Liebe in Christus ist ganzheitlich, tiefgründig, ernsthaft, heilig. Diese außerirdische Sitte will und muss der Maßstab aller in Christus Liebenden sein. In ihr findet der Heilungsprozess des Menschen statt. Die Spuren von Neuschöpfung werden sichtbar. Was wir tun oder lassen, findet in Gottes Sympathie ganz klare Abgrenzung. So reichhaltig sie ist, kann sie niemals ausschweifend sein. So schön es ist, auf den Flügeln der Fantasie ins grenzenlose All zu schweben, so klar muss es sein, dass es nicht Gottes Plan ist, wenn wir in der Fülle von Möglichkeiten zerfließen. So viele Gedanken und Worte können ausschweifend sein, kein Ziel finden oder das verkehrte. So viele üble Gerüchte sind schon entstanden nur durch ein einziges, ausschweifendes Wort, am falschen Platz gesprochen. So viel Neid und Eifersucht, wenn die Gedanken unbegrenzt in die falsche Richtung schweifen. Wer sich selber freilässt, entschwebt schnell ganz. Ein Drachen ohne Halteleine, ohne Schnur, entschwindet in den Himmel, um früher oder später abzustürzen. Wir sind hier nicht beim Luftballonwettbewerb, wo alles Losgelassene irgendwann irgendwo runterplumst, wenn die Luft raus ist.

Ohne Grenze, ohne Limit, kann ein Christ nicht sein. Wir sind in den Reichtum der Schöpfung geboren, um maßvoll und gut ausgesteuert damit umzugehen. Zuneigung Gottes in Christus ist unser Limit. Haben, als hätte man nicht heißt auch, durch Christus nicht alles haben müssen. Es ist Zeit, an unser Wohlstandsdenken den Maßstab anzulegen. Es ist Zeit, zu hinterfragen.

Hinterfragen wir uns. Hinterfragen wir unseren Lebensanspruch. Hinterfragen wir unseren Wohlstand. Hinterfragen wir unsere Sparsamkeit. Hinterfragen wir unser Lieben, Reden und Haben. Gott wirkt in unser Leben ein.

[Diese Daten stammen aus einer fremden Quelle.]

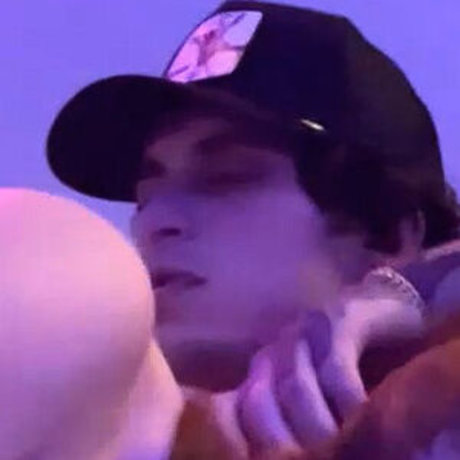 Chris Rail B pornstar nude img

Das ist der erste Schritt.

So muss unser zweiter Schritt nur sein, Christus wirken zu lassen. Es geht nicht darum, sich selber einzuengen, sondern durch bewusste Begrenzung Gottes Spielraum zu erweitern. Wenn unser Verzicht nicht in der Liebe Gottes ruht, höhlen wir uns selber aus, selbst mit den frömmsten Übungen. Jede Hingabe, die nicht aus Liebe geschieht, überfordert.

Nach eins kommt zwei. Zuerst steht Gott, der uns liebt. Unsere Gabe kann nur Rückgabe sein, Antwort auf den lebendigen Christus, der an uns geschehen ist.

Durch Christus ist es licht und hell in euch geworden.

Das zerbrochene Gottesbild ist wieder heil.  In Christus gelingt der heilsame Verzicht. Christus geht den Weg ans Kreuz. Seine Passion, sein Tod, sein Verzicht ist der erste Schritt. Alle Nachfolge, die geschieht, kann nur so etwas wie ein kleiner Schatten sein vom großen Verzicht Gottes auf sein Recht an dieser Welt. Je größer das Christusbild in uns wird, umso leichter fällt unserer, der zweite Schritt. Amen.